** AIM OF THE TASK **
Output all the records word for word. Drop the pictures.
------ INPUT FOR THIS TASK ------
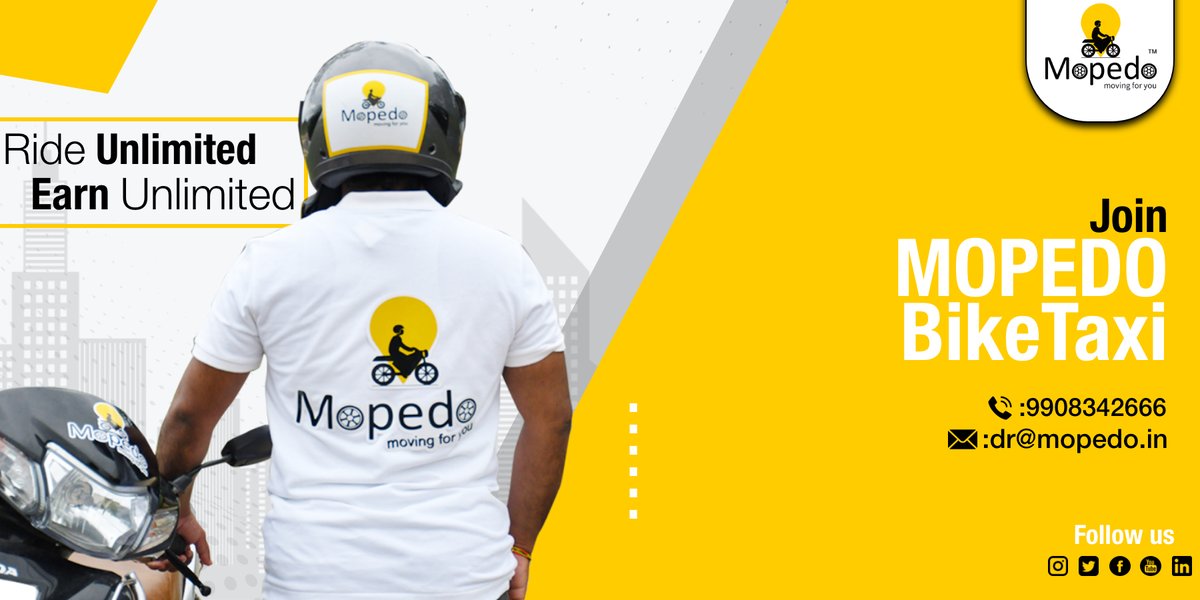 BikeTaxiService's tweet photo. #Register yourself with #MOPEDO and become a bike taxi rider &amp; make upto Rs.30,000/- per month. No paperwork required and 100% online onboarding process.

Register Now : https://t.co/ajrC6Xil8K

#MopedoBikeTaxi #MopedoApp #BikeTaxi #BikeTaxiApp #BikeTaxiServices #AutoTaxi #bike https://t.co/xKDlqClGA3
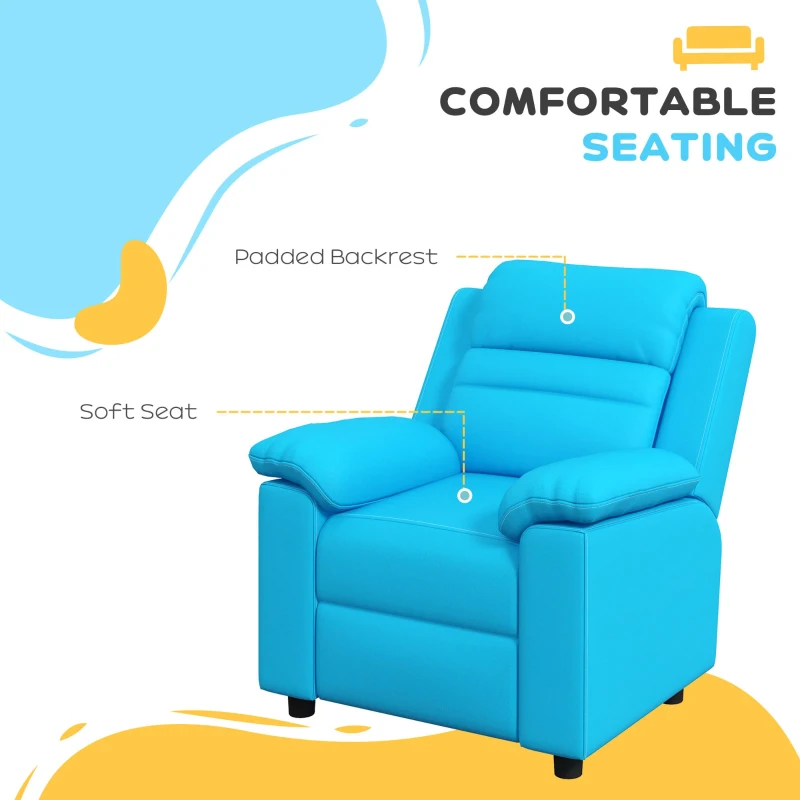 Qaba Kids Leather Recliner Chair with Armrest, Footrest, Headrest for Boys and Girls 3-9 Years Old, Blue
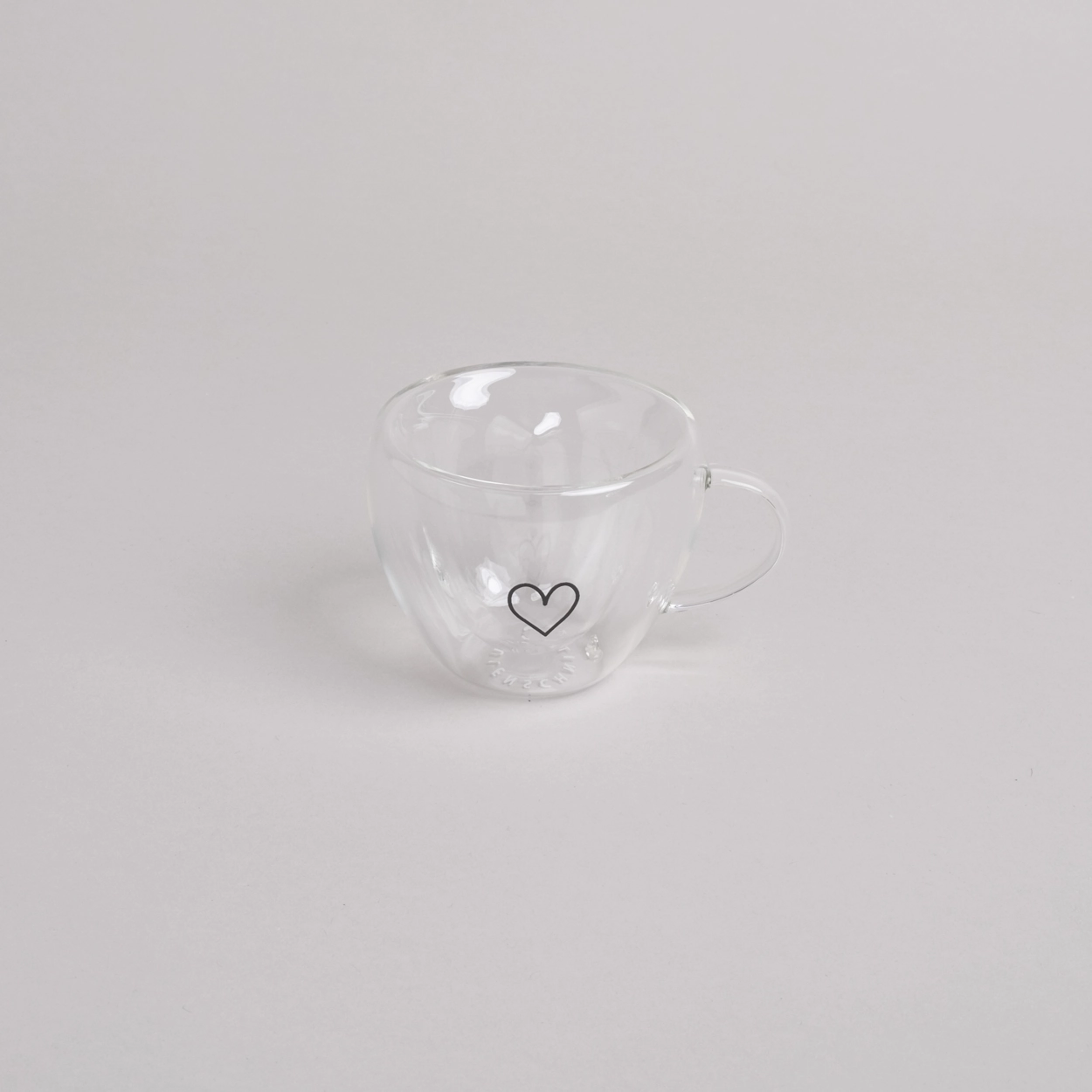 Eulenschnitt kleine Espressotasse in Herzform, doppelwandig aus Glas für 50 ml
------
** RESULT OF THE EXERCISE **
 BikeTaxiService's tweet photo. #Register yourself with #MOPEDO and become a bike taxi rider &amp; make upto Rs.30,000/- per month. No paperwork required and 100% online onboarding process.

Register Now : https://t.co/ajrC6Xil8K

#MopedoBikeTaxi #MopedoApp #BikeTaxi #BikeTaxiApp #BikeTaxiServices #AutoTaxi #bike https://t.co/xKDlqClGA3
 Qaba Kids Leather Recliner Chair with Armrest, Footrest, Headrest for Boys and Girls 3-9 Years Old, Blue
 Eulenschnitt kleine Espressotasse in Herzform, doppelwandig aus Glas für 50 ml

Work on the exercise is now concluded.